I was acquainted with John Paul Jones’ playing as a session player, but John Bonham, with his approach to the drums and the dazzling technique that he had, the overall sound of his drums was unlike anybody that I’d heard before. It was so musical, because he knew how to tune his drums. So I knew instinctively what I wanted to do with Led Zeppelin that was unlike anybody else. I wanted to have the full stereo picture, the placing of the instruments.
And guitar-wise?
The first album was totally based around the Telecaster. And that’s what it was – just a Supro [Coronado 1690T] amp, [a Sola Sound Tone Bender] overdrive, an Echoplex [EP-3 tape delay] and a Vox wah-wah. So it’s really very minimal and it’s not going through different amps, just this one amplifier. So it really goes to show with all the tones just how much there was that you could get out of one guitar. And that’s basically what it was that I had. I wasn’t using the Black Beauty or anything like that. And as it went on, the second album was clearly going to be all about the Les Paul guitar. But again, it’s a large stereo picture of everything that’s going on, whether it’s panning of things or positioning or whatever, or where things come in or go out, what’s tracked and what isn’t tracked.
Things were moving very fast for you and the band at that time.
The first album was done in a very short time. The second album was done while we were on the road in America, although we were coming backwards and forwards to England, so it’s got all the energy of touring.

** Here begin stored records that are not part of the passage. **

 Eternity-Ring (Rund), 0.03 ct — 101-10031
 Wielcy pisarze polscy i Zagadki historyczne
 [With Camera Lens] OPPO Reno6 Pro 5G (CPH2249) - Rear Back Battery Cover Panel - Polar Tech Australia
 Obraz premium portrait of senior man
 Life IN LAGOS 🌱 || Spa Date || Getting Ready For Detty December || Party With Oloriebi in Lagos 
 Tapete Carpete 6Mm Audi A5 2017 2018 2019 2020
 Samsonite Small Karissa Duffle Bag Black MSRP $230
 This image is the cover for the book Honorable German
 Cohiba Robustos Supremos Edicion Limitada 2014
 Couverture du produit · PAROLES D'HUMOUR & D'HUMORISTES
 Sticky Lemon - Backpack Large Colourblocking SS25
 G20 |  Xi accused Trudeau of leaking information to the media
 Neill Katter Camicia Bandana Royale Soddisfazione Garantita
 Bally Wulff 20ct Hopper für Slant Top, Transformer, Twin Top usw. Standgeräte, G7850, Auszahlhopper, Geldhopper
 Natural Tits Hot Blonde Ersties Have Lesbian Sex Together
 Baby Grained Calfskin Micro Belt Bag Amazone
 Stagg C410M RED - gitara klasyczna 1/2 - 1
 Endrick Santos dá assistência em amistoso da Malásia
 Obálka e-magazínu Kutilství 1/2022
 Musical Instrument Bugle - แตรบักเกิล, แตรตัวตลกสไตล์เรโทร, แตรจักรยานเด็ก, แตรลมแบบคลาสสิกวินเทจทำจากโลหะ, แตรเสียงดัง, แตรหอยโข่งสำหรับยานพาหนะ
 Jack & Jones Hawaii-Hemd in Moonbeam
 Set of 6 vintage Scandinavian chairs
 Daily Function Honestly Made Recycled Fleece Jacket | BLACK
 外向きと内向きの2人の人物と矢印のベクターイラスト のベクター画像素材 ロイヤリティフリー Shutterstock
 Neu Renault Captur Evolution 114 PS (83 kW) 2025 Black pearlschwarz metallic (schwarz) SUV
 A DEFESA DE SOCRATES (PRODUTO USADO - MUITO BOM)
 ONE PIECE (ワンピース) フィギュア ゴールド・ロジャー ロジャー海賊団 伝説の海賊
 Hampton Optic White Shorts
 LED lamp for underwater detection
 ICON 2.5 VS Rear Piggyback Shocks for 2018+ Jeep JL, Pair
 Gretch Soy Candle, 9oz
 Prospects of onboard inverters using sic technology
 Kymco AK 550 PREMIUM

That energy was evident in the big rock numbers such as Whole Lotta Love and Heartbreaker, but the second album also had subtler songs such as Thank You and Ramble On…
The first two songs that I had for Led Zeppelin II were Whole Lotta Love and What Is And What Should Never Be… II is almost like turning a coin, isn’t it? One side to the other as far as textures and moods…
Dazed And Confused was just one of many epic tracks in the Zeppelin catalogue – alongside Stairway To Heaven, Kashmir, Achilles Last Stand…
It was part of the overall thing from the first album. Part of it goes back to what I said about singles. With Whole Lotta Love, that was clearly going to be the track that everybody was going to go to, because that riff was so fresh and it still is. If somebody plays that riff it brings a smile to people’s faces. It’s a really positive thing. But I knew with Whole Lotta Love that there weren’t going to be any edits. I insisted that they kept the middle section in it, which of course they didn’t like, but they had to do it. So I thought, well, if you just keep making the numbers longer and longer… [Laughs] They’re not going to make them singles! I did think that in a mischievous way. But there was another reason to make them longer and longer – there was more to say in them. Then again, it could be argued the other way. Good Times Bad Times is really short, as far as minutes and seconds, but there’s just so much that goes on in that. It is what it is. Sometimes you have shorter statements. Sometimes you need longer to get across what you’re doing.